Web page caption snippets
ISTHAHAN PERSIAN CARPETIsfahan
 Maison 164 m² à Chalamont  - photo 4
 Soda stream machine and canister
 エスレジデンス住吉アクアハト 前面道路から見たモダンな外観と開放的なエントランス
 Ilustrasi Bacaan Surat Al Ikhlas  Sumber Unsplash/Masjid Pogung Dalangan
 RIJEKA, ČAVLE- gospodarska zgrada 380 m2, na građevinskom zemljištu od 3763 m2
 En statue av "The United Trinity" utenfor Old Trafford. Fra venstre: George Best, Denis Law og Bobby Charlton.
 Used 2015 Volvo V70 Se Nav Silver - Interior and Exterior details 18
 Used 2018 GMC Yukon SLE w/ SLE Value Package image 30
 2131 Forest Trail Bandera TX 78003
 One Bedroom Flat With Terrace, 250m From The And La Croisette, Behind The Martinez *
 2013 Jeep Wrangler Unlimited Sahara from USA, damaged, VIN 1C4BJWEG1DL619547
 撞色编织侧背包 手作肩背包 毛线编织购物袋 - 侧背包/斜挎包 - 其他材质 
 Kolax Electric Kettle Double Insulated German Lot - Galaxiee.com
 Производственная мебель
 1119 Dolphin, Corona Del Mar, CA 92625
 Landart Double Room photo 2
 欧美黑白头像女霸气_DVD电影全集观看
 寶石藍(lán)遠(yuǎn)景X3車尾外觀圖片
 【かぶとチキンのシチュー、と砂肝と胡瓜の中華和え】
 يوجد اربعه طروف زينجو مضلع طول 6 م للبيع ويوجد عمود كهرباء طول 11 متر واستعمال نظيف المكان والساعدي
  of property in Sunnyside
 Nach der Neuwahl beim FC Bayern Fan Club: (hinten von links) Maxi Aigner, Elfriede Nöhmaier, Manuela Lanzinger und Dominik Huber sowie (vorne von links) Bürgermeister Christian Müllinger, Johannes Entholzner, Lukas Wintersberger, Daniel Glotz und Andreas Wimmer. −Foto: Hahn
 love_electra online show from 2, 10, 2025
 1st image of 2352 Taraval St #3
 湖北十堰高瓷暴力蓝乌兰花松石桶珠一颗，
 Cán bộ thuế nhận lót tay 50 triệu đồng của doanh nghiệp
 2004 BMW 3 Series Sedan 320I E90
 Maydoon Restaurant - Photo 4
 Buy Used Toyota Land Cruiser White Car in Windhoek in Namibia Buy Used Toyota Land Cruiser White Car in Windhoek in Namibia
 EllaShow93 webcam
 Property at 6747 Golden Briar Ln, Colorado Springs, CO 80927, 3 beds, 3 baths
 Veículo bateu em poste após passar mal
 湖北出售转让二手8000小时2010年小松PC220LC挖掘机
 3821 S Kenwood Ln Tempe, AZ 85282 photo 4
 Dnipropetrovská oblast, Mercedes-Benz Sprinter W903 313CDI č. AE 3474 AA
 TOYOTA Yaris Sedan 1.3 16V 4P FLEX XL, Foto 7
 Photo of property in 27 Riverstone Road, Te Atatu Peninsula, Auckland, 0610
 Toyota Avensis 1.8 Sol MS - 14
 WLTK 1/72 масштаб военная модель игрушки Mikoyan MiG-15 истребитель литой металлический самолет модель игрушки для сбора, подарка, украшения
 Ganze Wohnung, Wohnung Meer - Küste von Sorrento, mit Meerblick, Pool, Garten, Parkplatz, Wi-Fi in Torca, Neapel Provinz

• [EXERCISE DETAILS] The task calls for each record to be returned verbatim.

• [REPLY TO THE TASK]
ISTHAHAN PERSIAN CARPETIsfahan
 Maison 164 m² à Chalamont  - photo 4
 Soda stream machine and canister
 エスレジデンス住吉アクアハト 前面道路から見たモダンな外観と開放的なエントランス
 Ilustrasi Bacaan Surat Al Ikhlas  Sumber Unsplash/Masjid Pogung Dalangan
 RIJEKA, ČAVLE- gospodarska zgrada 380 m2, na građevinskom zemljištu od 3763 m2
 En statue av "The United Trinity" utenfor Old Trafford. Fra venstre: George Best, Denis Law og Bobby Charlton.
 Used 2015 Volvo V70 Se Nav Silver - Interior and Exterior details 18
 Used 2018 GMC Yukon SLE w/ SLE Value Package image 30
 2131 Forest Trail Bandera TX 78003
 One Bedroom Flat With Terrace, 250m From The And La Croisette, Behind The Martinez *
 2013 Jeep Wrangler Unlimited Sahara from USA, damaged, VIN 1C4BJWEG1DL619547
 撞色编织侧背包 手作肩背包 毛线编织购物袋 - 侧背包/斜挎包 - 其他材质 
 Kolax Electric Kettle Double Insulated German Lot - Galaxiee.com
 Производственная мебель
 1119 Dolphin, Corona Del Mar, CA 92625
 Landart Double Room photo 2
 欧美黑白头像女霸气_DVD电影全集观看
 寶石藍(lán)遠(yuǎn)景X3車尾外觀圖片
 【かぶとチキンのシチュー、と砂肝と胡瓜の中華和え】
 يوجد اربعه طروف زينجو مضلع طول 6 م للبيع ويوجد عمود كهرباء طول 11 متر واستعمال نظيف المكان والساعدي
  of property in Sunnyside
 Nach der Neuwahl beim FC Bayern Fan Club: (hinten von links) Maxi Aigner, Elfriede Nöhmaier, Manuela Lanzinger und Dominik Huber sowie (vorne von links) Bürgermeister Christian Müllinger, Johannes Entholzner, Lukas Wintersberger, Daniel Glotz und Andreas Wimmer. −Foto: Hahn
 love_electra online show from 2, 10, 2025
 1st image of 2352 Taraval St #3
 湖北十堰高瓷暴力蓝乌兰花松石桶珠一颗，
 Cán bộ thuế nhận lót tay 50 triệu đồng của doanh nghiệp
 2004 BMW 3 Series Sedan 320I E90
 Maydoon Restaurant - Photo 4
 Buy Used Toyota Land Cruiser White Car in Windhoek in Namibia Buy Used Toyota Land Cruiser White Car in Windhoek in Namibia
 EllaShow93 webcam
 Property at 6747 Golden Briar Ln, Colorado Springs, CO 80927, 3 beds, 3 baths
 Veículo bateu em poste após passar mal
 湖北出售转让二手8000小时2010年小松PC220LC挖掘机
 3821 S Kenwood Ln Tempe, AZ 85282 photo 4
 Dnipropetrovská oblast, Mercedes-Benz Sprinter W903 313CDI č. AE 3474 AA
 TOYOTA Yaris Sedan 1.3 16V 4P FLEX XL, Foto 7
 Photo of property in 27 Riverstone Road, Te Atatu Peninsula, Auckland, 0610
 Toyota Avensis 1.8 Sol MS - 14
 WLTK 1/72 масштаб военная модель игрушки Mikoyan MiG-15 истребитель литой металлический самолет модель игрушки для сбора, подарка, украшения
 Ganze Wohnung, Wohnung Meer - Küste von Sorrento, mit Meerblick, Pool, Garten, Parkplatz, Wi-Fi in Torca, Neapel Provinz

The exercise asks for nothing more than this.